Cut to a TV screen with a reporter saying that Jack Russell has been found dead in a Hollywood motel room of a drug overdose as Spears impassively watches, before unimpassively fucking a girl who drops by. After Russell's funeral, Spears walks off with Renée LaRue, who fucks him in the cemetery. Turns out she's Bukkwyd's wife.
"It's not the end of the world," Spears says.
"Yes it is," Bukkwyd tells him.
Spears takes off in his boat, the Heaven's Revenge. That night, during a thunderstorm, he is awakened by the rolling of the boat. Naked, he shakes his fist at the black sky, howling, "You'll need more than that to kill me!"
After a collage of images (was he struck by lightning?) we flash back to 20 years earlier, with Chris Cannon as a struggling actor getting encouraged by Dasha, before Spears wakes up, in a bed, getting attended to by Melissa Hill. Looks like Spears has fallen into a play involving Don Juan, with Hill a character. (When she hesitates, Spears prompts her on a line.) For a reluctant virgin, Hill throws Spears quite the fuck. Enter Hill's fiancé, Mike Horner, justifiably pissed. Enter Spears' dagger into Horner's heart.
Jump-cut back to the present, with Spears meeting up with an old acting colleague, and free-associating to the point that he scares the guy off. More coincidences occur, to the point that Spears thinks that his entire life, past and present, is mirroring the play. This series of coincidences and flashbacks builds to a series of dramatic climaxes that lead to the devastating end. Or beginning.

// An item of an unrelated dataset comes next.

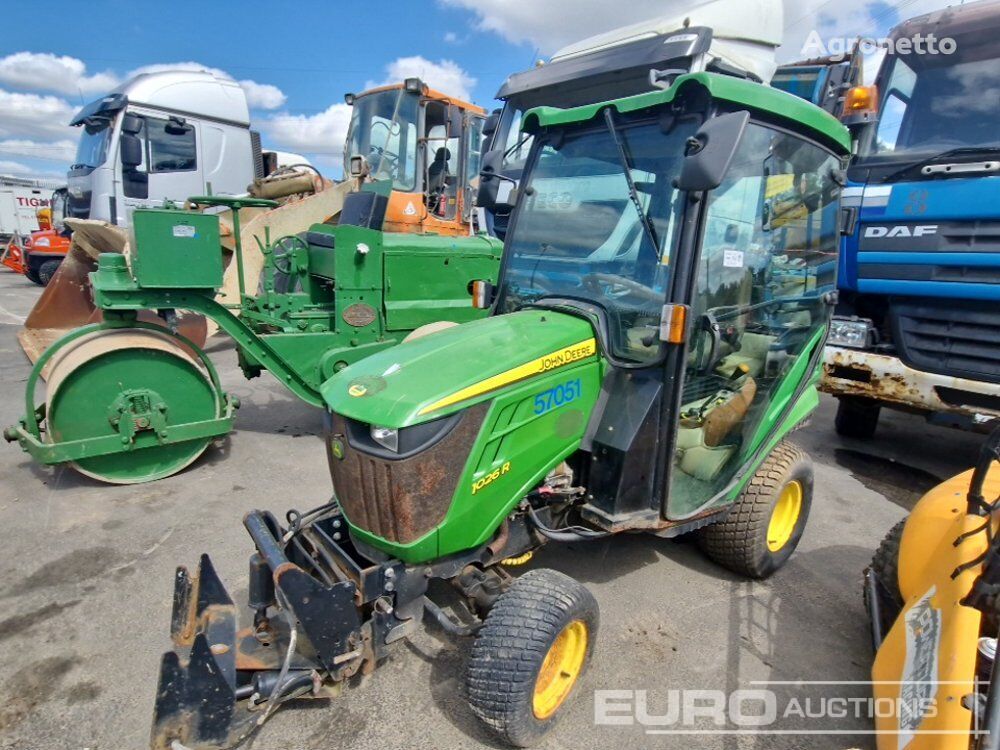 трактор газонокосилка John Deere 1026R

Pre-noms to PT for his deft direction, David Stanley for his erudite script, Randy Spears for his letter-perfect performance, Best Film, Best Cinematography for Ralph Parfait, Best Editing for Tommy Ganz, special effects for Ganz and Sonny Malone, and hearty congratulations to Miles Long for sound design, for which there is no AVN Awards category, more's the pity.